Description of the task> Each line in the records below, from the one that contains "Rhoback Pink Blue" to the one that contains "Modern Workstation Ledge", should be reproduced exactly, the first and last included.

Data shown>
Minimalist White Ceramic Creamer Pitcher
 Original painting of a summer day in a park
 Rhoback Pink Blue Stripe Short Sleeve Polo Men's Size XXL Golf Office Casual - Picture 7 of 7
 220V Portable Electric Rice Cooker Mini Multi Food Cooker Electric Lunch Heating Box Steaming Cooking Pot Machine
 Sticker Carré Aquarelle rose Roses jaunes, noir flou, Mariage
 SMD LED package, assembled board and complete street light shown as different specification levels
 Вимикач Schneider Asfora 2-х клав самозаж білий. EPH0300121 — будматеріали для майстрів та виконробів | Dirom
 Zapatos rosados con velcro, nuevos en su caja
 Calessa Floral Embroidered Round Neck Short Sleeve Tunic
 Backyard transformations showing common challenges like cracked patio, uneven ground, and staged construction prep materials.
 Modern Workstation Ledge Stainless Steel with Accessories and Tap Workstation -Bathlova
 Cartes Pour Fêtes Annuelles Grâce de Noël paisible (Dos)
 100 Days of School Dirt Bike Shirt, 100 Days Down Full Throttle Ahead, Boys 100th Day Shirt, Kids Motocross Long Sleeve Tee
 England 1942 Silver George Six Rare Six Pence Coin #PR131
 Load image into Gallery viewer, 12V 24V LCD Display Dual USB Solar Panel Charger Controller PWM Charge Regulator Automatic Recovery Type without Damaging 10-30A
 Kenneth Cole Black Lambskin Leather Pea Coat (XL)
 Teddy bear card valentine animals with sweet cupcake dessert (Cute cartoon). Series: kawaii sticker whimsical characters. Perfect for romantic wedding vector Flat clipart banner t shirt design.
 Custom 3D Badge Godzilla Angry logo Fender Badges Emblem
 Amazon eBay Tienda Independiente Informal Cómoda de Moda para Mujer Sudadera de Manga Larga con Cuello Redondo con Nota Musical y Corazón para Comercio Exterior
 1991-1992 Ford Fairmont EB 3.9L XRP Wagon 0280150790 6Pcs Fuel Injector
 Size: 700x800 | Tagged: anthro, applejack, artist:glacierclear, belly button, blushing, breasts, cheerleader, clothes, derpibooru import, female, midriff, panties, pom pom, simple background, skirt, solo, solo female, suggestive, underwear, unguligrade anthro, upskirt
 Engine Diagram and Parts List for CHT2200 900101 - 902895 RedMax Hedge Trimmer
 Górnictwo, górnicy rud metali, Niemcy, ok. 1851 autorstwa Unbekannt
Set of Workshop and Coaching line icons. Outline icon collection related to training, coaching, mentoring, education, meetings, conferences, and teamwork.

Problem solution>
 Rhoback Pink Blue Stripe Short Sleeve Polo Men's Size XXL Golf Office Casual - Picture 7 of 7
 220V Portable Electric Rice Cooker Mini Multi Food Cooker Electric Lunch Heating Box Steaming Cooking Pot Machine
 Sticker Carré Aquarelle rose Roses jaunes, noir flou, Mariage
 SMD LED package, assembled board and complete street light shown as different specification levels
 Вимикач Schneider Asfora 2-х клав самозаж білий. EPH0300121 — будматеріали для майстрів та виконробів | Dirom
 Zapatos rosados con velcro, nuevos en su caja
 Calessa Floral Embroidered Round Neck Short Sleeve Tunic
 Backyard transformations showing common challenges like cracked patio, uneven ground, and staged construction prep materials.
 Modern Workstation Ledge Stainless Steel with Accessories and Tap Workstation -Bathlova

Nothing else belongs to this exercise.